Now, with regards to the overall survival of the CPS1 or higher, and all randomised patients, again the median OS was in favour of the nivolumab plus chemo and again statistically significant with a hazard ratio of 0.77 versus 0.8 in all randomised patients. With regards to progression free survival, again in the primary population with CPS 5 or higher there was a highly statistical benefit with median PFS from 7.7 for nivolumab chemo versus chemo with 6.0 months. So, again, a hazard ratio of 0.68, statistically significant with a p-value of 0.0001.
So, taken together, the PFS benefit was seen in all subgroups. With regards to the subgroups, for overall survival there was also a clear favourable prognosis for patients with nivolumab plus chemo. Across multiple pre-specified subgroups like region, ECOG performance status or primary tumour location but also MSI and MSS, overall survival consistently favoured nivolumab plus chemo.
With regards to response and duration, there was again a clear advantage with nivolumab plus chemo with a response rate of 60% with the combination versus 45% with chemotherapy alone. So that means 15% benefit of response with chemo plus nivolumab. Again, the duration was clearly longer in the patient sub-population with CPS 5 or higher with the combination of nivolumab plus chemo.
With regards to safety there were no new safety signals. Additionally, the treatment related adverse events were numerically higher for nivolumab plus chemo but the risk-benefit ratio was also favourable for the combination.
With regards to treatment related adverse events with potential immunologic aetiology, according to organ groups most of them were low and grade 3/4 events of immunologic aetiology occurred in less than 5%. There were no grade 5 events.
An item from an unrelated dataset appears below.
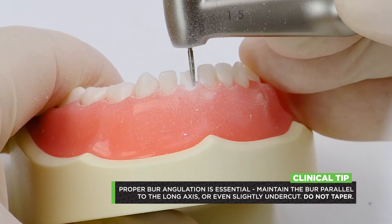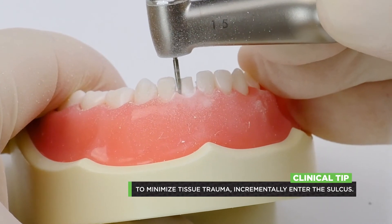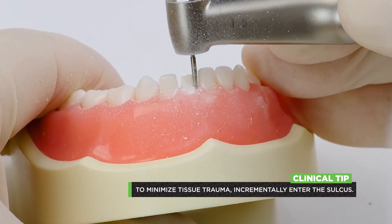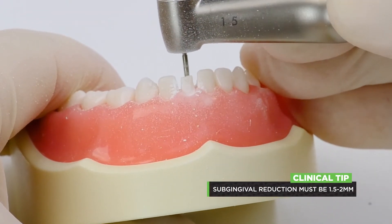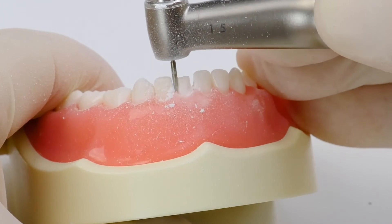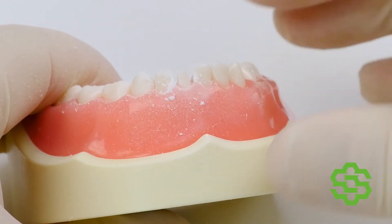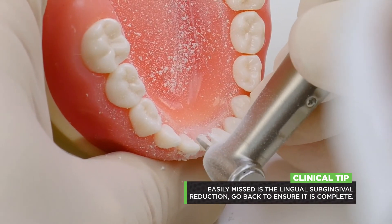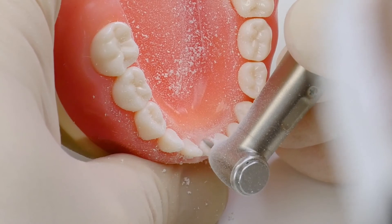Once your axial reduction starts to take shape, you're going to start to slowly and incrementally bury the tip of the burr below the tissue and do your subgingival reduction. Remember, your subgingival reduction is going to be about a millimeter and a half to two millimeters — more than what most people think they need, and that's sometimes where people get hung up. Once I do my axial reduction, I'll go back and do a little bit more on the lingual just to make sure I have enough reduction there, and I'll bury that tip subgingival again.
So, taken together, nivolumab is the first PD-1 inhibitor to demonstrate superior overall survival and progression free survival in the combination with chemotherapy versus chemotherapy alone in previously untreated patients with advanced gastric, gastroesophageal junction and oesophageal adenocarcinoma. There was a clear, highly clinically meaningful overall survival benefit in these patients, particularly for CPS 5 or higher but also for CPS 1 and higher and all randomised patients. There was a statistically significant benefit for the PFS.
Therefore, I concluded at ESMO and I’m very confident that nivolumab plus chemotherapy presents and will present a new potential standard first line treatment for patients in this disease.
Are there next steps planned?
Yes, of course. Since we don’t have all biomarkers tested and also many additional analyses we need for approval at FDA and EMA, the analysis will go on, particularly for MSI, MSS, for other subgroups like TMB and so on. Then we hope soon to have this combination approved by the authorities for our patients.